** Data listing follows **

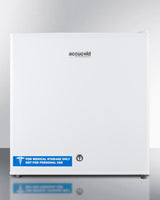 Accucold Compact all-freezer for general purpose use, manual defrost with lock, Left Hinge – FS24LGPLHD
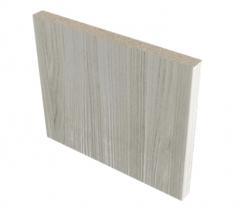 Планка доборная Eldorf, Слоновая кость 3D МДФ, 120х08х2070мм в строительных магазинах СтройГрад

** End of Data listing **
** Data listing follows **

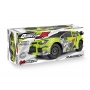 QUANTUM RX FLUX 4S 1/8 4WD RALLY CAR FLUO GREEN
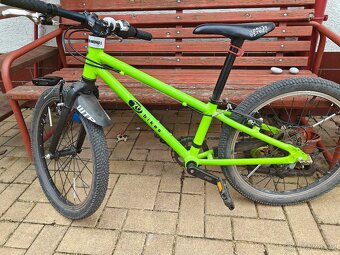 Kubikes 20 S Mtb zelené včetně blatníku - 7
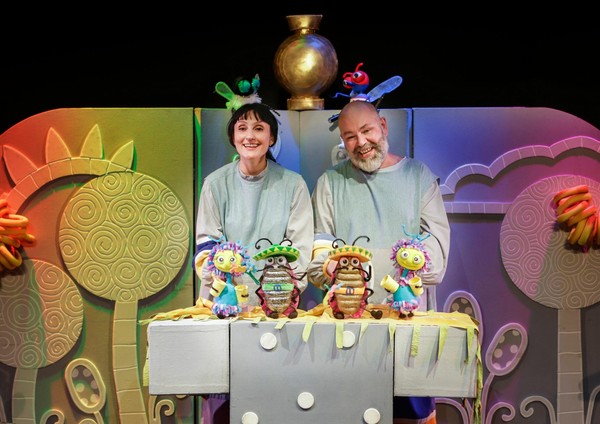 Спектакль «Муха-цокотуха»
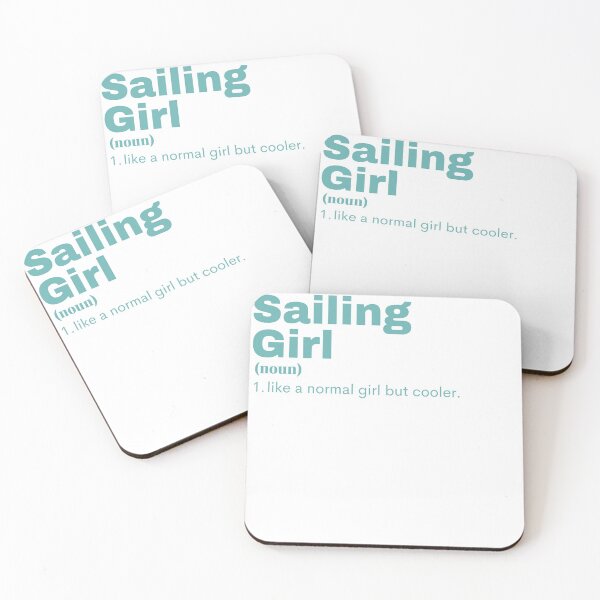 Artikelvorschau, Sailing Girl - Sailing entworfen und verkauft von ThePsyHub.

** End of Data listing **

▶ [Problem to solve]:
For this exercise, return exactly the lines above from the line with "Accucold Compact all-freezer" through the line with "Планка доборная Eldorf, Слоновая", both included. Do not copy the pictures.

▶ [Answer box]:
 Accucold Compact all-freezer for general purpose use, manual defrost with lock, Left Hinge – FS24LGPLHD
 Планка доборная Eldorf, Слоновая кость 3D МДФ, 120х08х2070мм в строительных магазинах СтройГрад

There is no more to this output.